NavList:
A Community Devoted to the Preservation and Practice of Celestial Navigation and Other Methods of Traditional Wayfinding
From: Frank Reed
Date: 2024 Jan 11, 10:36 -0800
Here's a pretty picture. Let's geek it up with math! :)
This is Happisburgh Lighthouse with Orion looming behind it in a photo by Christopher Dean. You can look it up on Wikipedia to get details on it. Then from the appearance of the stars, you should be able to lock down the photographer's location at the time the image was captured with some accuracy. It's a fun and fairly straight-forward navigation puzzle: where are you? (assuming you're imagining yourself in the photographer's shoes). Details of the lighthouse provide an angular scale. Comparison with Orion provides an angular scale. You do not need trigonometry for angles as small as these! You'll also want some astronomical simulation software. A visual simulation like Stellarium could be highly useful. You could also do it "by the numbers" with something like my USNO Clone web app (I preset the lat/lon more or less, but you'll have to adjust the time and perhaps other parameters).

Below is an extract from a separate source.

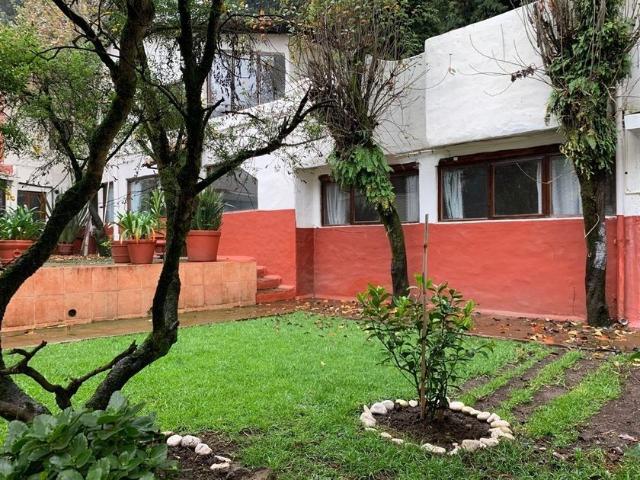 Casa en renta en Alvaro Obregón, Ciudad de México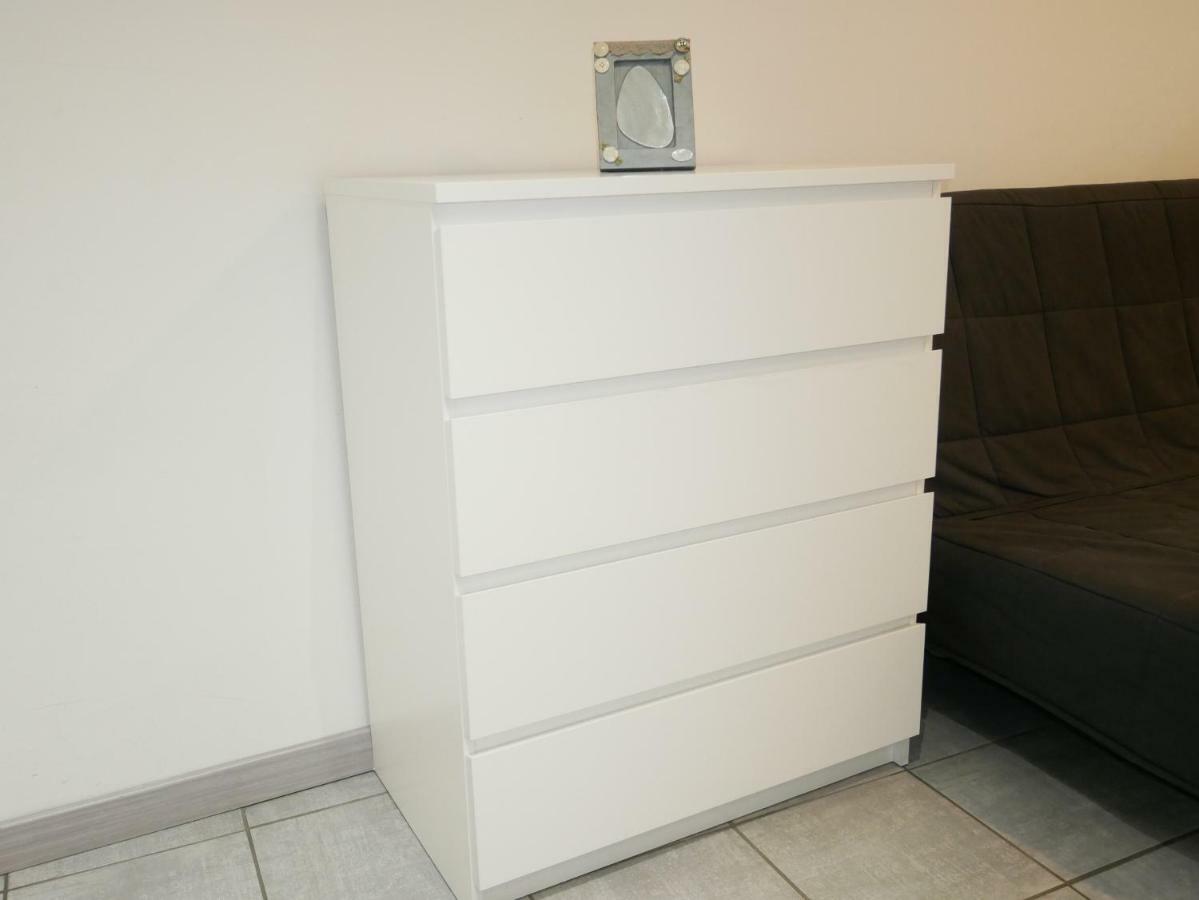 L'Oriflamme Apartment Avignon Ngoại thất bức ảnh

How accurate is this? Nearest ten feet? Better? Worse...? To make things a little more interesting, can you draw a reasonable error ellipse around the position that you're able to determine from the photo? How do you think the ellipse would be oriented? In what direction would its long axis point? What would you estimate for the lengths of the axes of the ellipse? Let's go with a 1 s.d. error ellipse as a specific choice, but don't worry about that too much ...likelier than not, where are you?
And for extra credit, what would you estimate is the LHA of Aries (equivalent to Local Sidereal Time) at the time of the photo? You could also specify the SHA of the meridian at the time of the sight.